Ouch! Christian actor Seyi Omooba hit with a massive legal bill

Ouch! Christian actor Seyi Omooba hit with a massive legal bill March 30, 2021

Image via YouTube

FROM the get-go the internationally publicised case of Seyi Omooba, above, who sued a theatre and her agents after she was sacked for refusing to play the lesbian character Celie in the Colour Purple, looked doomed to failure.

And it did fail.
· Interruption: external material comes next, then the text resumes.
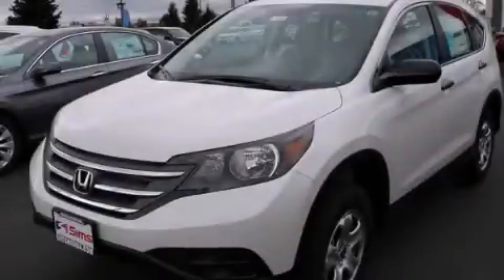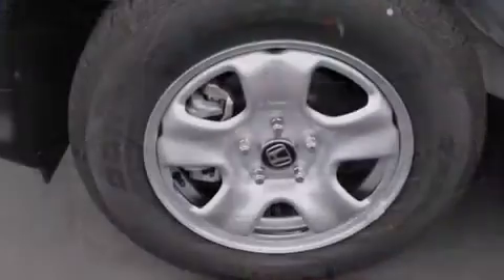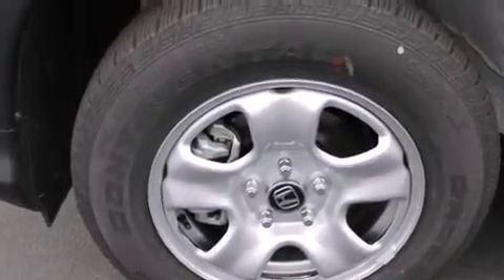This is a brand new 2014 Honda CR-V. Safety, space, and comfort. It has a 2.4-liter 4-cylinder engine, a 5-speed automatic transmission, and all-wheel drive.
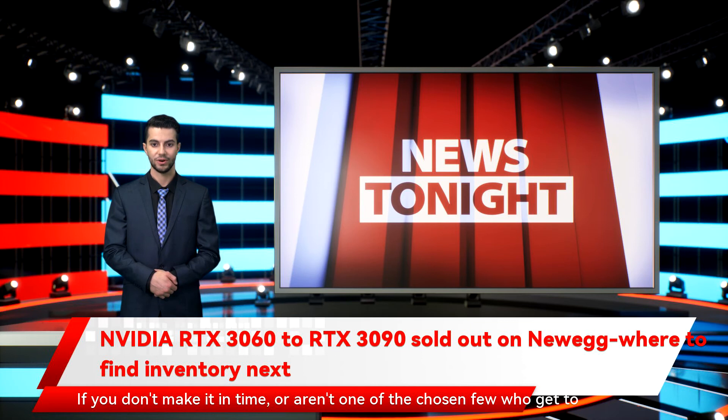If you don't make it in time, or aren't one of the chosen few who get to buy a new graphics card at a reasonable price, take heart — at some point the global supply chain issues will ease, and cards like the NVIDIA RTX 3080 could finally be easier to buy. The company is also planning to launch new products this year, including the NVIDIA GeForce RTX 40 series, which would make it a bit easier to find a new GPU in 2022.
Spectacularly, leaving her and the Christian Legal Centre (CLC) – notorious for launching frivolous lawsuits on behalf of “persecuted Christians” – with egg all over their faces.

Worse for them, Leicester’s Curve Theatre and Omooba’s agents, Global Artists, have been awarded costs that could exceed £300,000 by the tribunal that heard the case.
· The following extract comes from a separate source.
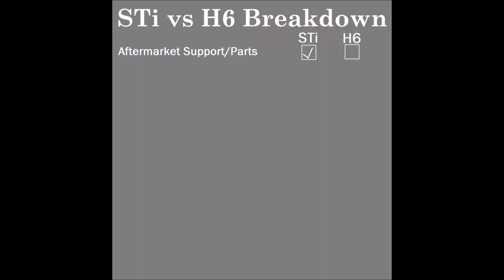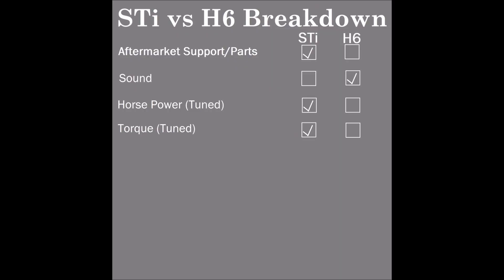The first category is aftermarket parts and support — hands down, this is STI. Everything you could dream of is available off the shelf and bolt-on. The six cylinder, pretty much everything is going to be custom; there are a few exceptions like motor mounts and headers, but beyond that it's all custom. For sound, the six cylinder wins — you can't beat it, it sounds amazing. Once you tune it, stock-for-stock but tuned, the STI hands down wins in torque both at low end and high end. Where the six cylinder is considered a torque monster, the STI has it beat at the low end, and if not equal, then beats it in the later end when the turbo spools. So horsepower and torque stock-for-stock, the six cylinder loses to the STI.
Omooba alleged religious discrimination, harassment and breach of contract and demanded £71,400 in compensation,

According to a report today in The Stage, Curve’s Chief Executive Chris Stafford and artistic director Nikolai Foster said in a joint statement that they felt the case “lacked any merit from the outset”, but they had been forced to defend themselves at a tribunal “irrespective of facts” and as part of a wider campaign initiated by Christian Concern and its associate, the CLC.

Image via YouTube

Omooba, who father Ade Omooba, above, co-founder of Christian Concern,  now faces a cost order of £259,356 for Curve’s bills and £53,839 for Global’s costs, totalling £313,195. Both sums are subject to “detailed assessment” by the tribunal, meaning a judge will inspect the details of the amounts submitted.

Last month, Omooba lost a two-year legal battle against Curve and Global after she was dismissed from a production of The Color Purple in 2019, and later dropped by the agency for her homophobic comments on social media. On Facebook Omooba claimed that homosexuality was not “right” and that she did not believe that people could be born gay.
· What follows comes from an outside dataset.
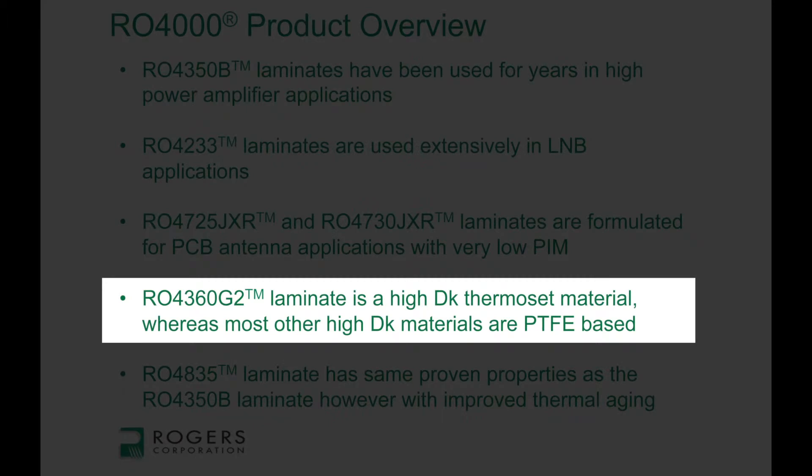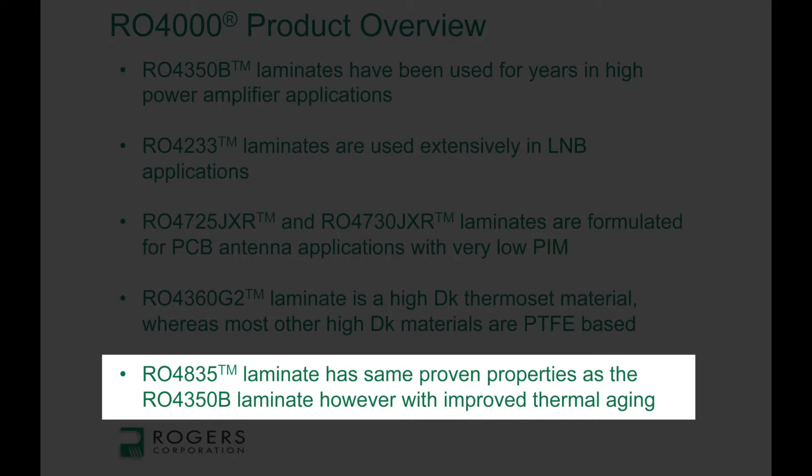The 4360G2 is actually a unique material. It has a high dielectric constant of about 6.15. Most materials that have a high dielectric constant like that are PTFE materials, which are a little more troublesome for circuit fabrication. The RO4360G2 is not PTFE and is much simpler for circuit fabrication. Finally, the 4835 is essentially the same product as the 4350B mentioned earlier, but the big difference is the 4835 has been formulated to be much better for long-term thermal aging, while still retaining all the same properties of 4350B.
The judgement agreed with both respondents’ arguments that Omooba’s claims had:

No reasonable prospects of success.

At a hearing held on March 18, which Omooba herself did not attend, Curve’s representative Tom Coghlin QC described the litigation as a “hopeless claim” that should never have been brought to tribunal. He said Omooba and her advisers had wanted to:

Pursue a point of principle in a public forum.

The tribunal’s ruling said Christian Legal Centre was “deeply invested in both bringing the claim and in continuing with it”, and that while there was nothing wrong in publicising cases because of their social issues:

It is however wrong to promote and use a weak case …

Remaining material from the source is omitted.